Llegaré… cuando llegue

Josep Camós

18 de agosto de 2010

Hace unos días fui a visitar a mis padres, que viven más o menos a unos… (un momento, que lo miro) 65 kilómetros, y una vez allí me hicieron una pregunta a la que no supe contestar: ¿cuánto se tarda de mi casa a la suya? Me encogí de hombros. Por lo que veo en ViaMichelin y en Google Maps el trayecto debí de cubrirlo en una hora aproximadamente. Pero necesito internet para saberlo.

¿Por qué? Pues porque rara es la vez que miro el reloj mientras conduzco, y entiendo que llegaré a mi destino exactamente en el preciso instante en el que cierre la puerta del coche por fuera y le dé un toque al botón del telemando. Hasta entonces, estaré conduciendo y por lo tanto de nada me sirve mirar qué hora es ni cuánto ha transcurrido desde que salí de casa. Así de sencillo.

¿Así de sencillo?

Reloj de bolsillo

En algún lugar del pasado recuerdo haber leído que el reloj de pulsera desbancó al tradicional reloj de bolsillo a medida que comenzó a popularizarse el uso del automóvil, ya que para mirar la hora resultaba mucho más cómodo levantar la muñeca que rebuscar en un bolsillo de plastón situado en la parte anterior del chaleco o la chaqueta mientras se está sentado al volante.

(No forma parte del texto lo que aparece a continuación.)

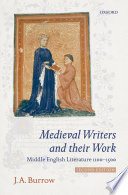 Medieval writers and their work : Middle English literature 1100-1500 /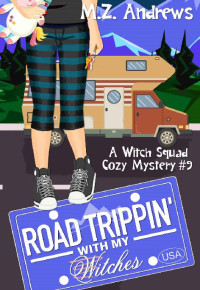 M. Z. Andrews [Andrews, M. Z.] — Road Trippin' with My Witches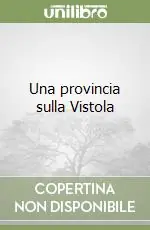 Una provincia sulla Vistola Offerta Lampo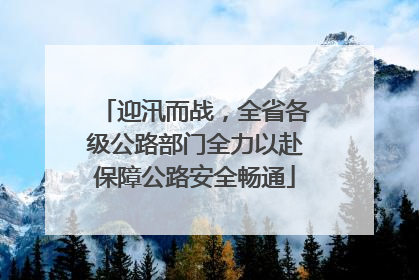 迎汛而战，全省各级公路部门全力以赴保障公路安全畅通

Y ahora yo, dándole una paradójica vuelta de tuerca al asunto, decido que ni de bolsillo ni de pulsera ni enmarcado en un display siempre visible en el salpicadero del coche. Si conduzco, no miro el reloj. “Hombre, pero algún control sobre tu tiempo debes de tener”, escucho que me dice alguno de los que me leéis. Pues… no. ¿Y sabéis por qué? Porque concibo que el tiempo que tarde, el que sea, será imposible de acortar así que, ¿para qué quiero calentarme la cabeza?

Gestión del tiempo mientras no conducimos

Dicho de otra manera, creo que puedo disponer libremente de mi tiempo siempre y cuando no esté conduciendo. El tiempo que dedicaré a la visita en casa de mis padres, a comprar en la tienda de turno o a hacer fotos de las gaviotas del puerto es el tiempo restante, ya que el tiempo de conducción es innegociable, al menos a la baja, que de incrementarlo ya se ocupará el estado del tráfico o mis ganas de parar el coche y echar a andar en mitad del trayecto.

No miro la hora, y de esta forma me evito de entrada esas continuas distracciones y muchos nervios que causa el inquietante “¿cuánto falta para llegar?”, que no es más que la versión infantil del “¿cuándo vas a llegar?”, esa pregunta supuestamente adulta pero absurda donde las haya para hacer por teléfono a alguien que lleva entre manos un vehículo y cuya respuesta más coherente sólo puede ser esta:

Cuando haya llegado te lo digo.

Lógicamente hago dos excepciones a mi norma de no mirar la hora que es cuando estoy en el coche: la primera se da cuando estoy trabajando, ya que se me exige puntualidad británica en los relevos de alumnos y procuro cumplir con esa premisa, normalmente gracias al dominio que tengo sobre la zona en la que trabajo. Y la otra son los trayectos largos, cuando salgo de viaje, pero ahí juego también con ventaja ya que tengo mis zonas de descanso previamente programadas. En cualquier caso… llegaré cuando llegue, ni más ni menos.

¿No os pone nerviosos que los que os esperan os llamen por teléfono para saber cuándo llegaréis?